We believe brain interfaces could develop, but we think they should be non-invasive. Moreover, we believe that physically connecting our bodies with technology should not be done by directly connecting tissue with electronics. We believe it should be through an intermediary, a human-biology-machine interface. We envision that biological developments will allow us to synthesize artificial tissue that has the capacity to interface with both neurons and electronics, acting like an electronic conductor between metal and flesh. This kind of synthetic tissue would biologically adapt to our brains, leading to a more natural adaptation process between the two tissues, rather than our biology having to adapt to hardware. That’s the whole point of making technology come to us. We’ll talk more about human-biology-machine interface in an upcoming post.

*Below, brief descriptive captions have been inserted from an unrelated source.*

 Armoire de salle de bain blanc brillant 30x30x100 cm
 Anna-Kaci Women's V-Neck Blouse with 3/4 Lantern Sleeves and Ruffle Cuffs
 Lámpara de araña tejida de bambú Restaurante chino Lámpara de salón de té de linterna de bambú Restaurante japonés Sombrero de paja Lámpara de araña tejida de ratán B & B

We further believe that an important part of our human interaction is still being ignored. The interfaces we use today and most of the ones being developed are focused on the “physical modalities” of our being: touch, gesture, and voice. As humans, we interact with each other using words, gestures and visual aids, but we also have a subconscious line of communication: our emotions. We feel and respond to emotions from those around us and those we directly interact with. These emotions do not necessarily exhibit themselves in an apparent way. We may not immediately or continuously give our attention to them unless we are focused on them and trained to read them - just like body language. Recent research shows there is no specific location in the brain that processes all our range of emotions, which means that even implanting a brain interface would not uncover all of our emotions.

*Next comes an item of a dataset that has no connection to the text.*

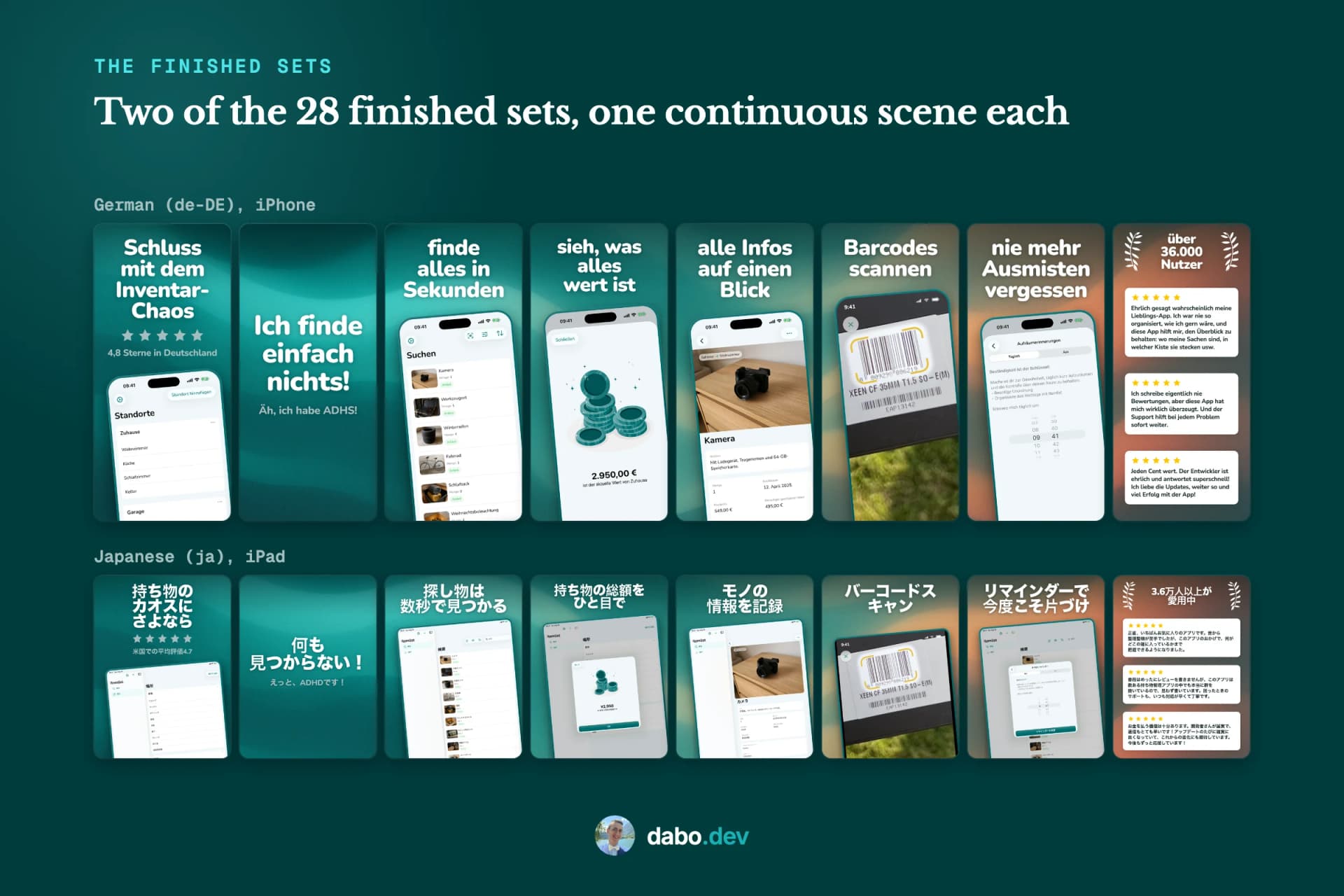Two finished Itemlist screenshot sets side by side: the German iPhone strip and the Japanese iPad strip, eight shots each, sharing one continuous background scene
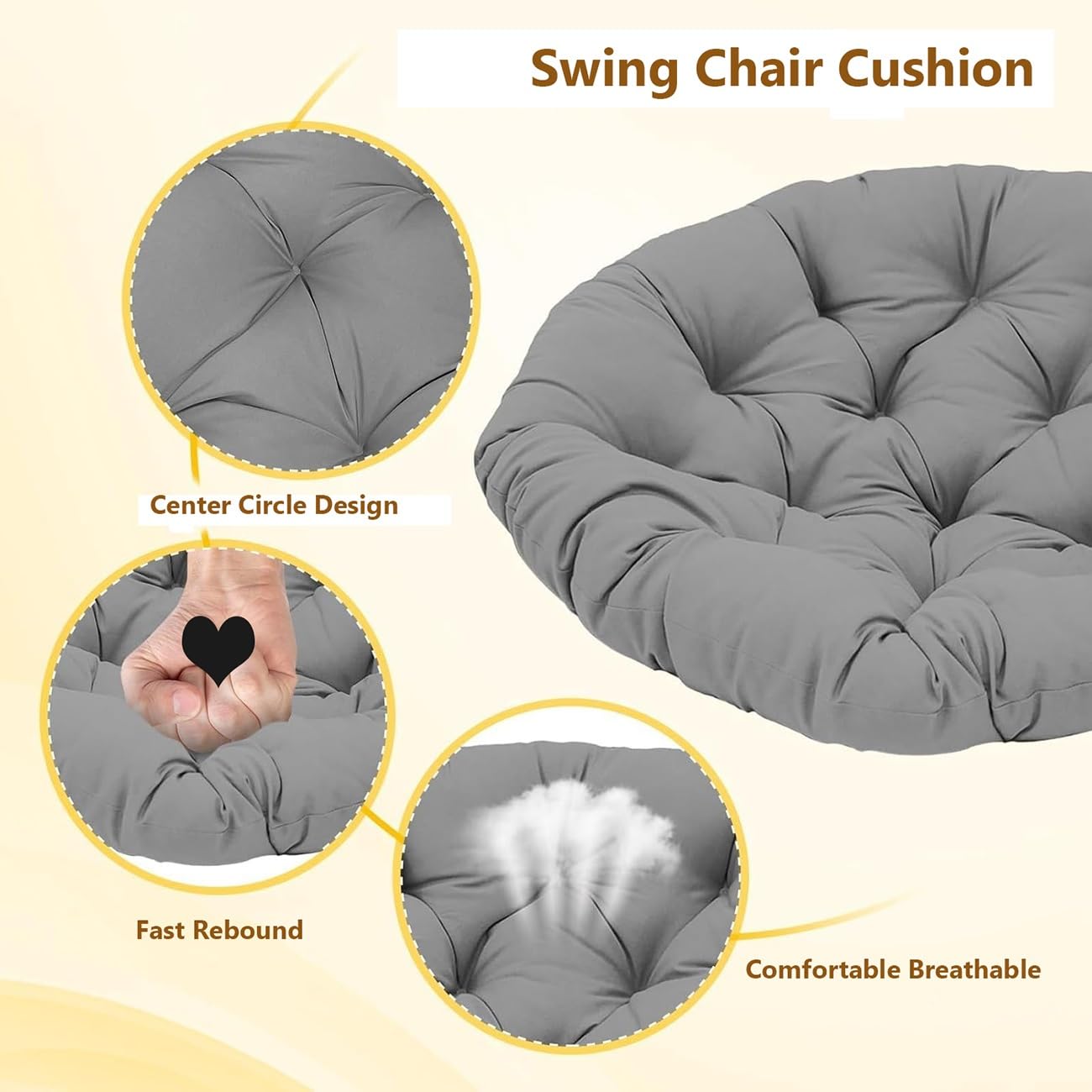 Coussin de Fauteuil Papasan siège Rond Polyvalent for Fauteuil Papasan, Coussin Fauteuil rotin, Rond Coussin de Chaise, Usage intérieur/extérieur(White,90cm)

We believe that interface technologies will evolve to understand the range of our emotions and respond to them. The ultimate step of technology interacting with us as human beings will be software-based emotional intelligence, or Artificial Emotional Intelligence (AEI). AEI is not about the artificial expression of emotions by software or robots; it is about reading and understanding our human emotions and integrating this emotional information in order to better understand and interact with humans.

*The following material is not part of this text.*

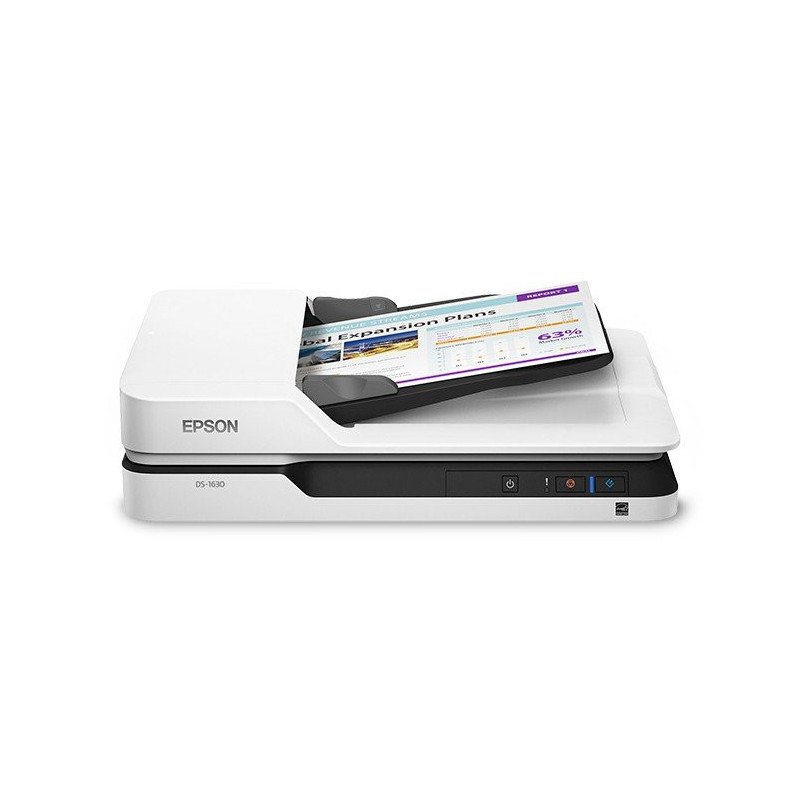 Scanner Epson WorkForce DS-1630, 25 ppm, 10 ipm, 1200 DPI, 48 bits, cama plana, USB, ADF, dúplex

Developments in Bio, supported by developments in machine learning, computer vision and sensors, will allow for this ultimate step. Computers and artificial intelligence software could sense and observe the multiple data points that come from multiple modalities: our facial expression, a change of color in our skin, a change in our tone, our gait, our posture and more. Although we are using physical modalities as data sources, it is the integration of that data, and analyzing it with the aim of uncovering our emotions, that make it different.
Emotionally-enabled technology could be assisting us when we interview babysitters to find out if they are trustworthy. It could read and understand our feelings in reaction to a product and offer us a more suitable one. Emotionally intelligent virtual assistants could sense we are upset and finally respond in a way other than, “Sorry, I didn't quite get that”.